Hindistan’da İslam inancındaki Babürlü ve Hristiyan inancındaki İngiliz egemenliğinin yüzyıllar boyunca devam etmiş olmasına rağmen Hindu inancı yok edilememiştir. Hindu inancına ait olan Kast sisteminin sadece Hinduizmin doğasında var olduğu ve Hindistan’daki diğer dinlerle hiçbir ilgisinin bulunmadığı söylenemez. Kast sistemi, tüm Hindistan toplumunun bir özelliğidir ve herhangi bir dinle sınırlı değildir. Hindistandaki baska dinlerde kast sistemi birçok örnek ile yaşanmaktadır. Örneğin, Müslüman inancındaki Babürlü’ler kast sistemine karşı gelmediler, hatta bunu benimsediler. Hıristiyan inancındaki İngilizler de aynısını yaptı.
Müslüman toplumunda kast sistemi
İslam dini, kastlara ve sosyal tabakalaşmalara karşı olduğunu iddia eder. Ancak bu inanç, Hindistan’a ve İran’a ulaştığında toplumda önceden beri var olan kast sistemini reddetmemiştir. Nizam ül Mülk’ün Siyasetname adlı eseri ve Al Tusi’nin Akhlaq-i-Nasiri’si gibi eserler İran’daki sosyal tabakalaşmayı ayrıntılı olarak anlatmaktadır.
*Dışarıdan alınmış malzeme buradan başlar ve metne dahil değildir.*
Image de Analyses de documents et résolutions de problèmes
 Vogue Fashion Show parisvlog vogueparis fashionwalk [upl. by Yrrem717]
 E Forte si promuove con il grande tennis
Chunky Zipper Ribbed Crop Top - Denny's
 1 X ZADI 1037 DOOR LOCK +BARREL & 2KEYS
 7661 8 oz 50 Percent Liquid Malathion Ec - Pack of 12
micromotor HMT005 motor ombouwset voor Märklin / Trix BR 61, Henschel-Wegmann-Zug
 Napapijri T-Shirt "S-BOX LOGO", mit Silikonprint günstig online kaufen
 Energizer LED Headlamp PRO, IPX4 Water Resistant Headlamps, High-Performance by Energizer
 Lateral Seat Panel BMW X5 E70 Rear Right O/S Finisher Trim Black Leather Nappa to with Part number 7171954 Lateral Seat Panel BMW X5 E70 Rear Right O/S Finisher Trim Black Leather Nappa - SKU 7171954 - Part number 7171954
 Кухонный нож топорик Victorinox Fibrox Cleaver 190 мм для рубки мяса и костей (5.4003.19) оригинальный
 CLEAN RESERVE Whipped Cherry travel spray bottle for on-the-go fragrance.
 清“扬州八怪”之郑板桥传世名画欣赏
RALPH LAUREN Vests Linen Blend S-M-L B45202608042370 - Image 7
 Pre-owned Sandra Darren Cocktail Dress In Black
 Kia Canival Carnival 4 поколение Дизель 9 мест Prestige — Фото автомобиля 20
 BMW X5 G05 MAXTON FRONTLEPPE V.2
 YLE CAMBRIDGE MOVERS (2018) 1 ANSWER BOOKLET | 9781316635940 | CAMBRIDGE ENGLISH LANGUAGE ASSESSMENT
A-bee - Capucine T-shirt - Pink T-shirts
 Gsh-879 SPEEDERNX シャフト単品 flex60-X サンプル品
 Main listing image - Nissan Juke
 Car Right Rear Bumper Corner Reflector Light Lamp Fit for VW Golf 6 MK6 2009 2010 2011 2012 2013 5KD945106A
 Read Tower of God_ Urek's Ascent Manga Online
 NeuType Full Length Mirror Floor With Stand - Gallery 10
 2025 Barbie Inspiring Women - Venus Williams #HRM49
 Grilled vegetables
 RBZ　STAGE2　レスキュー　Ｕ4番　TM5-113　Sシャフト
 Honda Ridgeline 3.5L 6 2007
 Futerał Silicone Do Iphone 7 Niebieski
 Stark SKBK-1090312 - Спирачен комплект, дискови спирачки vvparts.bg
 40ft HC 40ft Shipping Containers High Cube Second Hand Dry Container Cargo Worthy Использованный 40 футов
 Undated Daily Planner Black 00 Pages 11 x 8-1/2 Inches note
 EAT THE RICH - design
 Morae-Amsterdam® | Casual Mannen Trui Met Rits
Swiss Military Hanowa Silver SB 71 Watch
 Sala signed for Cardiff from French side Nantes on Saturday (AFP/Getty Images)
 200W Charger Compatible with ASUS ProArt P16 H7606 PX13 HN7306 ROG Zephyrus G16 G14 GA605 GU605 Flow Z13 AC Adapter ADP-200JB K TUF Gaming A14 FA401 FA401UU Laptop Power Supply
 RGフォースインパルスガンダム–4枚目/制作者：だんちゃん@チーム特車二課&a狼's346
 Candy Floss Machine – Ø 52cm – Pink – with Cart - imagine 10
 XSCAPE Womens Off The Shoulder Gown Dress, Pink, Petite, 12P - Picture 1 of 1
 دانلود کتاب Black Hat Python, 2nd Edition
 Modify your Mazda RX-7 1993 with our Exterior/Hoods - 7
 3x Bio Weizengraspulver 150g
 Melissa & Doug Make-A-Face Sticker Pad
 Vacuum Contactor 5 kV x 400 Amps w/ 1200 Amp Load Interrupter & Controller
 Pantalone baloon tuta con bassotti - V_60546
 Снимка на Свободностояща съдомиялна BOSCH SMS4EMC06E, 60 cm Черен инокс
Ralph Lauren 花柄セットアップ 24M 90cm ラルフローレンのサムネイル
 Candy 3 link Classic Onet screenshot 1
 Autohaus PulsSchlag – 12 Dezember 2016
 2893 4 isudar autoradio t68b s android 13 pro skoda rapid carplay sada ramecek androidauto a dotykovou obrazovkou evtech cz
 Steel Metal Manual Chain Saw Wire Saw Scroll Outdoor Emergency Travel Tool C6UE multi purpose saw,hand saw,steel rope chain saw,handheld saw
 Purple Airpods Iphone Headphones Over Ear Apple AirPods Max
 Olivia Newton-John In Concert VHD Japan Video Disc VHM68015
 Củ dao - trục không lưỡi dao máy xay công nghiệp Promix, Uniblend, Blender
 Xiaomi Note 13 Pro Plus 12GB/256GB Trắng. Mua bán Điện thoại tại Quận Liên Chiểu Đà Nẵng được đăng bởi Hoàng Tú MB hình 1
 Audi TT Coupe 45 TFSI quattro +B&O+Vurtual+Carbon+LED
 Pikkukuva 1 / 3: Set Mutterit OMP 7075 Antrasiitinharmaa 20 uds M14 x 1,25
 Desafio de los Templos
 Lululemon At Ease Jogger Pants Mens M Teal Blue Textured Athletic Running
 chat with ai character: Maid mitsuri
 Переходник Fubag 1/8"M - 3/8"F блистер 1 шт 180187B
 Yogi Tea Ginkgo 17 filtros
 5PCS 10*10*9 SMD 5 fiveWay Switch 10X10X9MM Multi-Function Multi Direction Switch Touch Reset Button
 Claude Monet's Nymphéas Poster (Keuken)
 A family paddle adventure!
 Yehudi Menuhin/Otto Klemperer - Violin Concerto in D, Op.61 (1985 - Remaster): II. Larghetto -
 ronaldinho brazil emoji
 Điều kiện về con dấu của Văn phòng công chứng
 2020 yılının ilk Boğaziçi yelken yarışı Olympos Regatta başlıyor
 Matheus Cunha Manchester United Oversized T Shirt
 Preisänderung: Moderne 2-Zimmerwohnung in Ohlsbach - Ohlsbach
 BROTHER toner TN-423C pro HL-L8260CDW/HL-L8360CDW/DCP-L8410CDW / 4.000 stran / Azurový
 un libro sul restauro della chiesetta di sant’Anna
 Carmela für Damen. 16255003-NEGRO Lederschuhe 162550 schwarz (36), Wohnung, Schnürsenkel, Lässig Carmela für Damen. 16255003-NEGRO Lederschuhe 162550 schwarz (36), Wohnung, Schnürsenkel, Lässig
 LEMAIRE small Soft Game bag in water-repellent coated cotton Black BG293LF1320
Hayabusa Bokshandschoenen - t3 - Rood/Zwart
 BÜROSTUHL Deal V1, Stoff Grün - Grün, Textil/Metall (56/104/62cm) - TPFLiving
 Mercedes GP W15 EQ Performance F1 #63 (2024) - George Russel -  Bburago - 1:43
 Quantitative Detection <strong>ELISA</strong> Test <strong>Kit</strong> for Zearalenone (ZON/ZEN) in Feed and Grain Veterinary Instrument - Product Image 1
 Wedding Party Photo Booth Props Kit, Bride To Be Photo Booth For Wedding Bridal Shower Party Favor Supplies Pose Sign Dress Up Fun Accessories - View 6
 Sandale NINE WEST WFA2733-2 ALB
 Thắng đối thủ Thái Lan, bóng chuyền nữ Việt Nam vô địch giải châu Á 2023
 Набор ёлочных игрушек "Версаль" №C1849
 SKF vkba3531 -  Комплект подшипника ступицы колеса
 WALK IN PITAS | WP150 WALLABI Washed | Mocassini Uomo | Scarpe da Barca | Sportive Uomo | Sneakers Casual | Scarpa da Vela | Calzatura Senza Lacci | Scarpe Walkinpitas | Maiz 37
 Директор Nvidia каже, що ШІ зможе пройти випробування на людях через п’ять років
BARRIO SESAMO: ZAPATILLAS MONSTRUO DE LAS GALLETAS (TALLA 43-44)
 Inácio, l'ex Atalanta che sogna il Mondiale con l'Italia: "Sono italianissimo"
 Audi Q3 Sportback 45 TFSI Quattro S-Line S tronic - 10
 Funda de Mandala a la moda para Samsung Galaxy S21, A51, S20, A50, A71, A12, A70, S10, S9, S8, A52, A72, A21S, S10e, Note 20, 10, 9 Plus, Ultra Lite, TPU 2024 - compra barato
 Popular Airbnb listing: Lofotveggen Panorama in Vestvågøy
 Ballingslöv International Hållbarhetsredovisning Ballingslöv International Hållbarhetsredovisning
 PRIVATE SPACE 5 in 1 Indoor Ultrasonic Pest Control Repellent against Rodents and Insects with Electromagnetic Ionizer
Müslümanlığın kuruluşunda kast sistemi
Hz. Muhammed’in 7. yüzyıldaki ölümünden sonra İslam toplumunda bir veraset mücadelesi yaşanmıştır. Bu mücadele sonucunda Arap toplumunda Peygamber’in aile üyelerinin diğer kişilerden üstün görüldüğü bir bölünme ortaya çıkmıştır. 8. yüzyılda ilk Müslümanlar (Araplar) “Ehl-i Beyt” tanımı ile Peygamber’in ailesine tanınan ilk tabakalaşmayı uygulamaya başlamıştır.
Daha sonra Arap Müslümanlar ile Arap olmayan Müslümanlar arasında ikinci bir bölünme daha yaşandı.
Arap olmayanlar arasında üçüncü bir bölünme, ilk dönemde din değiştiren Müslümanlar (Kadim el-İslam) ile sonraki dönemde din değiştiren Müslümanlar (Cedid el-İslam) arasında ortaya çıkmıştır.
İslam Hindistan’ında Kast sistemi
İslami fetihler ile Hindistana gelen Türk kökenli hükümdarlar bile Hindistan’da var olan kast sistemini benimsemiş, bunlara sadece kendi özelliklerini eklemiştir. Örneğin Delhi sultanlığı döneminde “Begh”, “Yigit”, “Turk”, “Tatar” gibi ünvanlar zaman içinde kast sisteminin tabakaları arasında sayılmaya başlanmıştır.
Hindistan’da ülkeyi ele geçiren fatihler ve yabancı kökenli Müslümanlar “eşraf” (soylu) olarak kabul edilmiş, buna karşılık Hindu dinindeki yerli halkın Dalit ve Shudra kastlarına ait olup Müslümanlığa geçmiş olanlar “pasmanda” olarak adlandırılmıştır. Bunlar, alt kast olmaktan kurtulamamışlardır. Pasmanda “geride kalanlar” anlamına gelmektedir.
Arap ve Türk kökenli olanlar üst kastlarda görüldüğü halde müslümanlığa geçmiş olan üst kast üyesi Hindular daha yüksek sınıf (unch zat) olarak kabul edildi. Yerel halktan din değiştirmiş alt kast mensubu Hindular ise alt sınıf (neech zat) olarak adlandırılırdı.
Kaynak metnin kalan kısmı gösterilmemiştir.